OPINION: The value-added myth
Wednesday 22 Apr 2020
It’s a common refrain in Canada: we shouldn’t be mere drawers of water or hewers of wood, but should support and even subsidise the creation of “value-added” manufacturing jobs. But primary resource industries like mining and oil and gas extraction actually produce far more added value than most manufacturing and processing sectors.
The problem with value added, writes Trevor Tombe, is that most of its advocates chronically misrepresent the concept, which leads to bad policy decisions that cause more economic harm than good.

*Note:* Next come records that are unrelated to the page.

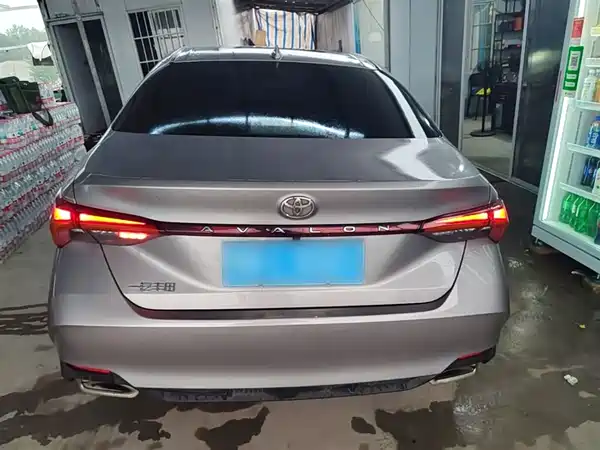 Toyota Avalon 2023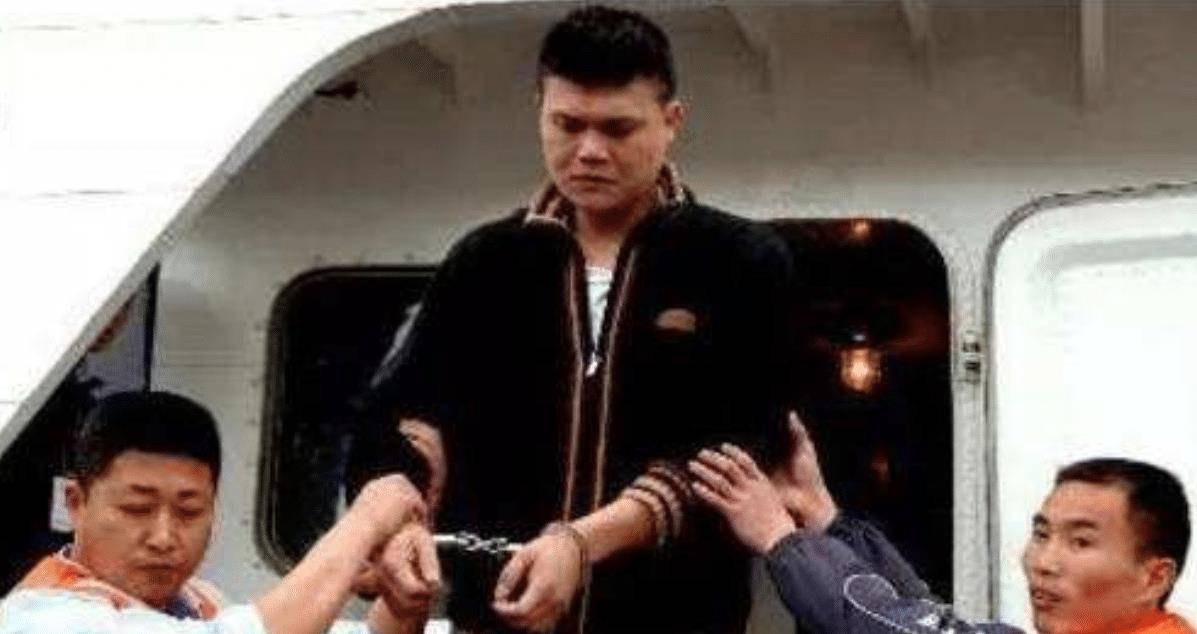 张锡铭因为这种狂妄行为,陆续获得了很多赎金,他很快就过上了花天酒地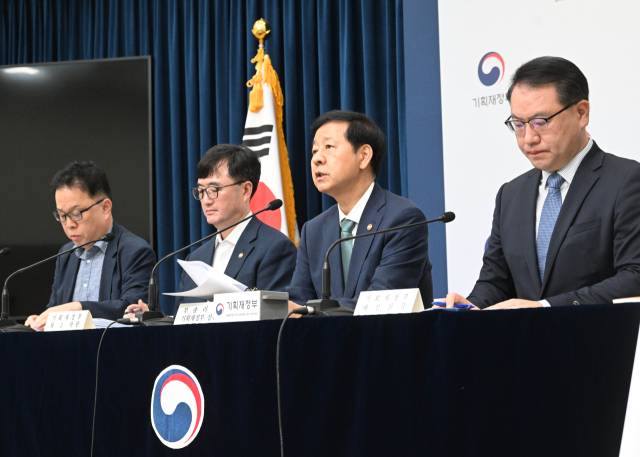 구윤철(오른쪽 두번째) 부총리 겸 기획재정부 장관이 2026년 예산안에 대해 설명하고 있다. 사진제공=기획재정부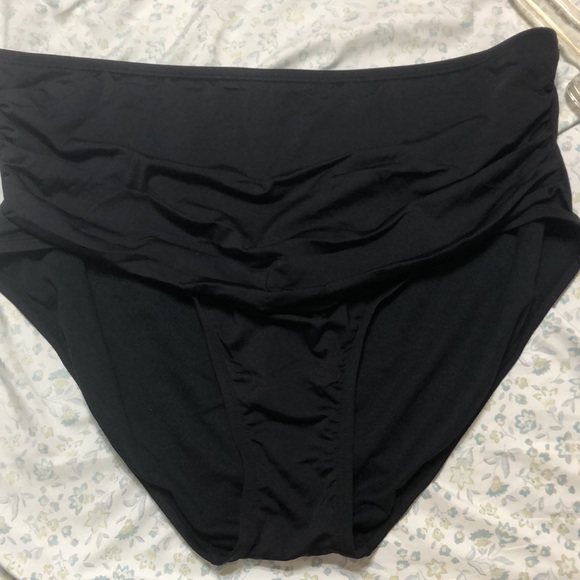 Bikini Set - Picture 8 of 12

It’s a common refrain in Canada: we shouldn’t be mere drawers of water or hewers of wood, but should create “value-added” manufacturing jobs. This sentiment shapes policy debates right across this country. In British Columbia, there is a slogan: “BC Logs for BC Jobs”, which calls for restricting raw log exports in favour of local processing. In Ontario, some are concerned that the Trans-Pacific Partnership will destroy value-added jobs in the auto sector.
In Quebec, the government recently bailed out Bombardier – an aircraft manufacturer whose marketing material often touts its “high value added jobs”. The province provided $1 billion, taking a 49 percent stake in the struggling C-Series jet project, and there is pressure on the federal government to chip in too. If Ottawa bites, it will likely be because some “business case” touts the “value added jobs” associated with the firm.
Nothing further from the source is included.